On the other hand, 80 channels for children are chosen based on their video categories’ compliance with YouTube's guidelines and FTC’s Children’s Online Privacy Protection Act (COPPA). Categories that are considered appropriate for children include: nursery rhymes, video game plays without any inappropriate content, kids’ toy demonstrations, toy ratings, and children's music or dance performance.
Table 1. Categories and examples of appropriate and inappropriate channels that are annotated by five of our co-authors
Manual Annotation Process
Five co-authors independently annotate this dataset. First, we come up with the categories of videos that are appropriate for kids to watch and the ones that are inappropriate for kids to watch. Then, for each of the identified categories, the five researchers who annotate this dataset, individually identify some popular channels using simple manual YouTube searches and watching videos of those channels. Next, the annotators independently label the channels that they haven't identified.
Inter-Annotator Agreement Process
We compute the agreement between raters using Bennett et al.'s S score.
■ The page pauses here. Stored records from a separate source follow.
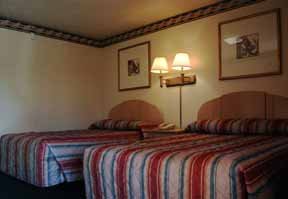 Hotel Econo Lodge East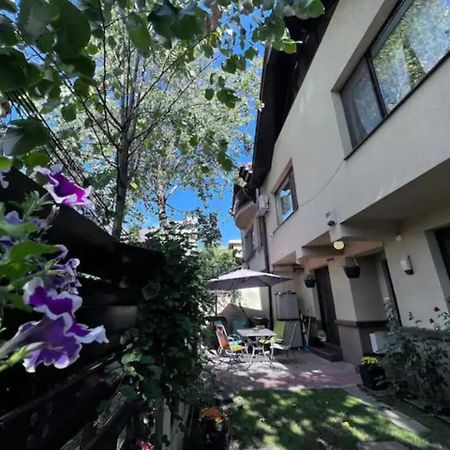 Vila Luminoasa Cu Curte Privata Бухарест Экстерьер фото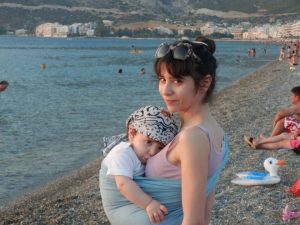  /></a>
<div>However, I always feel the need to say this: Babywearing is something you <b>learn</b>. So is breastfeeding. Trying to do both at once — without giving yourself time to learn — can lead to frustration or feeling like you're “failing.”
As the days go by and your baby grows, you’ll find your rhythm — and combining breastfeeding with babywearing will become almost second nature.
But in those early days, when you’re still getting to know your baby, please <b>don’t feel pressured to do it all at once</b>. You can sit down, rest, breastfeed calmly, and watch your baby’s cues in peace.</div>
<a href=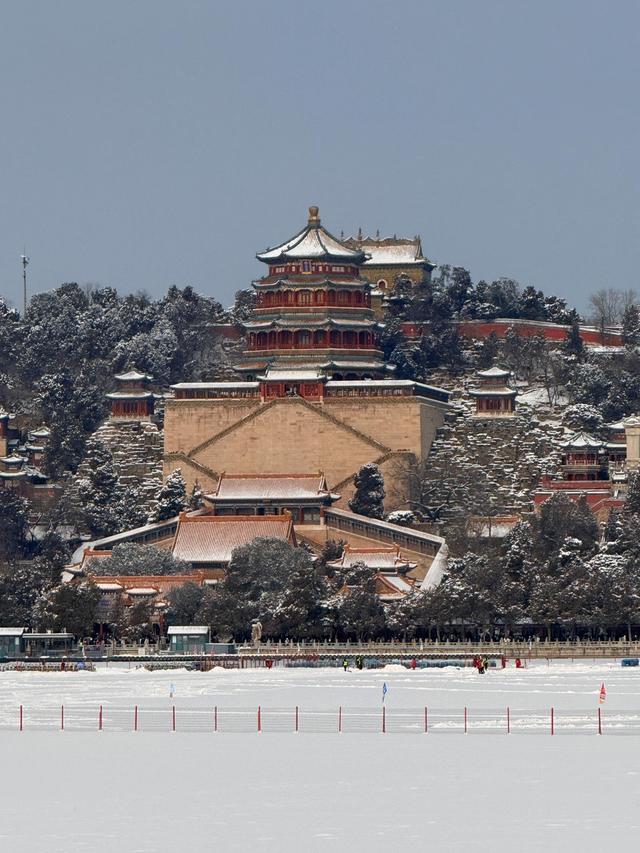 雪霁云舒，颐和园静谧悠然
The S score value that we get is 0.85, which indicates a strong agreement between raters. While Cohen's Kappa measures the overall agreement between two raters, Bennett et al.'s S score is one of the common techniques used for calculating inter-annotator agreement even for more than two raters, as in our case. It accommodates the percentage of rater agreement that might be expected by chance, instead of just the simple agreement between raters, as with Cohen's Kappa
Crawling Data
Given that each single YouTube video have one unique identification code (ID), we can in turn download their meta-data to our local machine. Particularly, with the Google Cloud Platform, we are able to create an API key to access the YouTube service. After that, we use googleapiclient library in Python to send a request with a video’s ID to google cloud. Finally, upon the respond of the service, we can extract the video’s meta data: channel titles, video titles, thumbnail photos, tags, duration, video category, the number of views, likes, dislikes, and comments. Separately, we also obtain the video’s subtitle similarly.
Ethics
We collect only data publicly available on the Web and do not (1) interact with online users in any way nor (2) simulate any logged-in activity on YouTube or the other platforms. Therefore, the IRB approval was not required.
Pre-Processing Subtitles
Firstly, we split our dataset into training and test set subjected that their channel IDs are not overlapping. Furthermore, the number of appropriate and inappropriate videos in each dataset have to approximately equal. In particular, our training dataset has 49.2 thousand videos in total including 26.4 thousand videos each type. Likewise, the test set has 20.8 thousand videos in total with 10.4 thousand videos each type. For the training phase, we actively split every video's subtitle into chunks which have length of 100 words and drop the remaining sequence, then we randomly select chunks to form our training dataset that has 341,509 appropriate and 378,142 inappropriate sequences, respectively. Regarding the test set, we pre-process the subtitles the same as for the training without dropping the remaining of the subtitles. Therefore, testing videos can have different number of chunks. After the pre-processing step, our machine-learning model is applied.
Table 2: Number of videos in each category of training and test set in our dataset.
Table 3: Number of videos with and without subtitles per class.
Figure 2. Architecture diagram of our two-stage classification approach. In the former stage (a), BERT model is trained for enriching subtitle’s representation vectors. The "Lpre" can be either contrastive loss or binary cross-entropy loss. In the classification training stage (b), we propose to apply GRU module for aggregating features from different input types of one video.